Pernyataan tersebut disampaikan Duterte ketika berpidato saat acara penghargaan pegawai pemerintah berprestasi di Istana Kepresidenan.
Perintah Duterte kepada polisi itu sekaligus menjadi tanggapan atas tuduhan yang telah dilontarkan oleh rival politiknya yakni Senator Antonio Trillanes IV.

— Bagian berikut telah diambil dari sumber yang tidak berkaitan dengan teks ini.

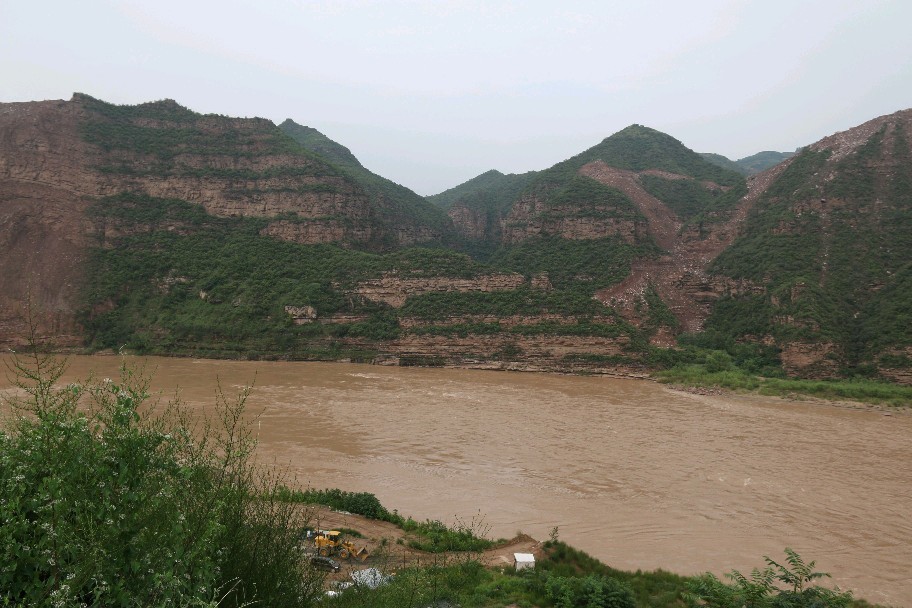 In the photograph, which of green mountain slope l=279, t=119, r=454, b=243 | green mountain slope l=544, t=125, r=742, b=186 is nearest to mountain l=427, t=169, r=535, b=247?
green mountain slope l=279, t=119, r=454, b=243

Trillanes menuding salah satu anak Duterte yang menjabat sebagai Wakil Wali Kota Davao City, Paolo Duterte, sebagai anggota sindikat narkotik yang beroperasi di beberapa negara.
Dalam kesempatan tersebut, Duterte juga mengatakan telah menyampaikan langsung kepada anaknya yang dituding terlibat jaringan narkotik internasional.
“Saya sudah sampaikan kepada Pulong [panggilan Paulo]; ‘perintah saya adalah untuk membunuh kamu jika kamu kedapatan [terlibat narkotik], dan saya akan melindungi siapapun polisi yang membunuhmu jika tuduhan itu terbukti’,” ujarnya.
Tidak hanya kasus narkotik, Paolo sebelumnya juga dituduh terlibat dalam kasus penyelundupan. Putra pertama Duterte itu pun sempat menyangkal tuduhan tersebut.
Selain menyatakan telah memberi mandat langsung kepada polisi untuk membunuh putranya, Duterte juga telah menyatakan bakal mundur dari kursi presiden jika tuduhan tentang keterlibatan Paolo dalam jaringan narkotik terbukti.